Civil service pay dispute - escalate to win!
CIVIL SERVANTS are determined to continue their industrial action over pay. Three months into the action the Government are still sticking to their 0% increase which, in reality, represents a pay cut.
By Paul Dale, Civil Service Executive Committee NIPSA (personal capacity)
This has provoked widespread anger among civil servants, many of whom are on poverty wages. The action that has been called so far has been solid and has had an impact.
There have been selective strikes across most Departments, with benefits' offices, the office of industrial tribunals, the Child Support Agency and the MOT centres just some of the services that have been affected.
NIPSA members know that there is a great deal at stake in this dispute. It is not just a question of the 2003 rise but potentially of future rises. In the background is the threat announced in the budget to cut tens of thousands of UK civil service jobs which is a warning as to what may happen to the Northern Ireland Civil Service in the future.
This is why New Labour cannot be allowed to win this dispute. There can be no retreat. Instead the action must be maintained and intensified in order to bring about a victory.
The selective action, the overtime ban and the ban on the use of cars are biting. But on their own they are not likely to put enough pressure on the government to come up with a decent offer. Many members are concerned that the action has already dragged on too long. There is a danger that, if it is not escalated, it could lose momentum and members could become disillusioned.
This is why Socialist Party members on the Civil Service Executive Committee of NIPSA are arguing that the action should be stepped up immediately. There should be more selective action hitting more services and for longer periods. This should be linked to an escalating programme of strike action involving all civil service members. Dates should be set for one day and two day strikes building to an all out strike if the more limited action does not succeed.
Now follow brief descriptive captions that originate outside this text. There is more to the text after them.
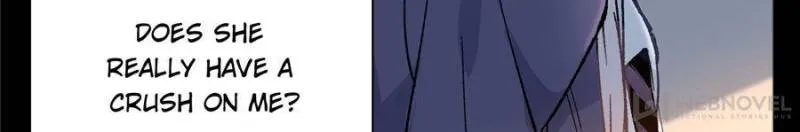 I'm a Monster Chapter 2 page 21 - 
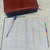 AGENDA GRANDE 2023 - comprar online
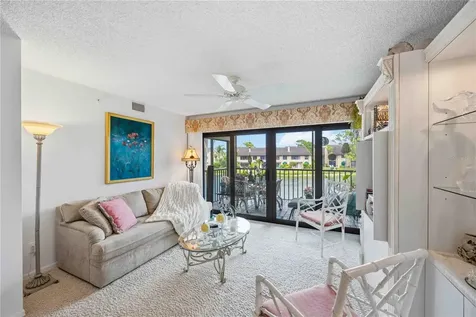 5627 Ashton Way Sarasota FL 34231
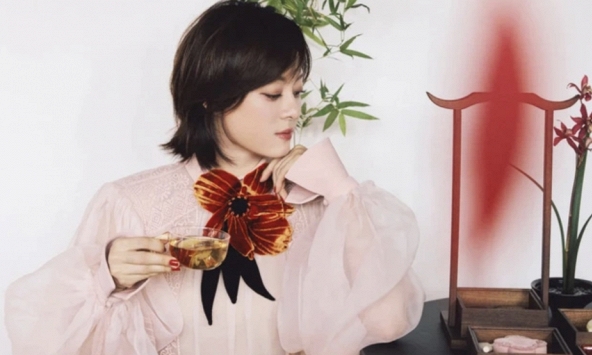 Phụ nữ hậu vận hạnh phúc từ sâu trong tâm hồn luôn giữ 5 thói quen 'nhỏ xíu' này, kể cả trong những ngày tồi tệ nhất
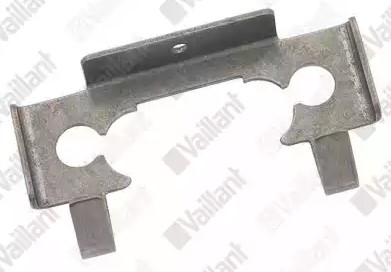 Bild von Vaillant Halter vorne VK 60-156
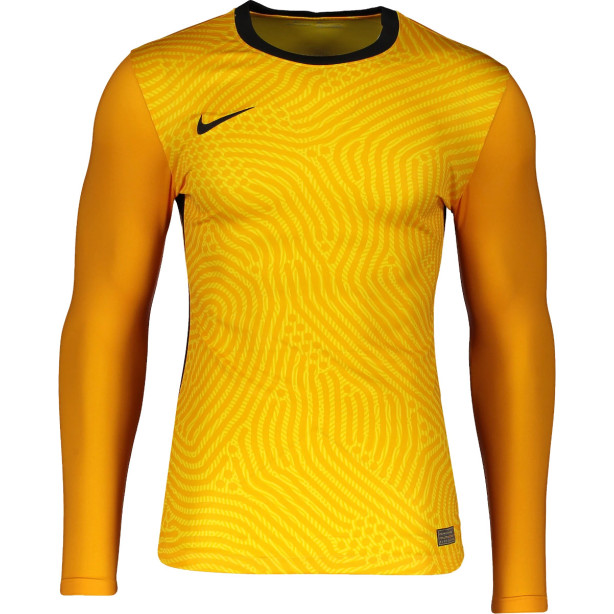 Свитер вратарский Nike CI1039-719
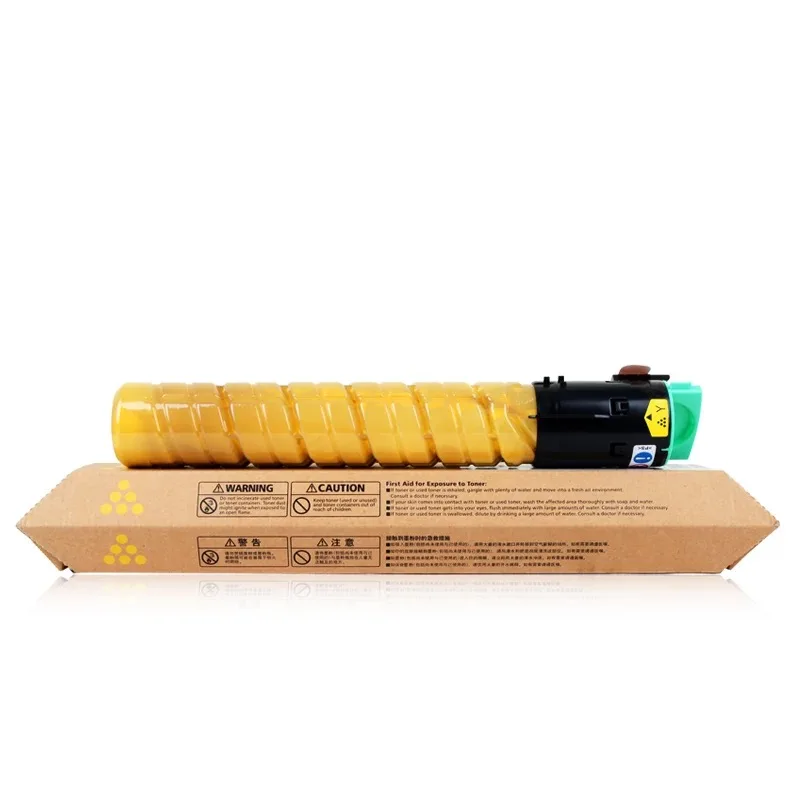 

copier toner cartridge compatible for Ricoh MPC2051 MPC2551 2051 2251, Free shipping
It is difficult for any group of workers to take action and feel they can win on their own. The Fire Brigades Union, drawing on the lessons of their own dispute where, apart from financial backing from NIPSA, they were left largely to fight on their own, have given a lead by giving financial and moral support. Members of the PCS, the main civil service union in Britain are currently also involved in industrial action over pay. PCS members in a number of Departments will be on strike on 13 and 14 April. NIPSA should attempt to co-ordinate future strike days with the PCS so that there is the maximum impact and maximum pressure on the government.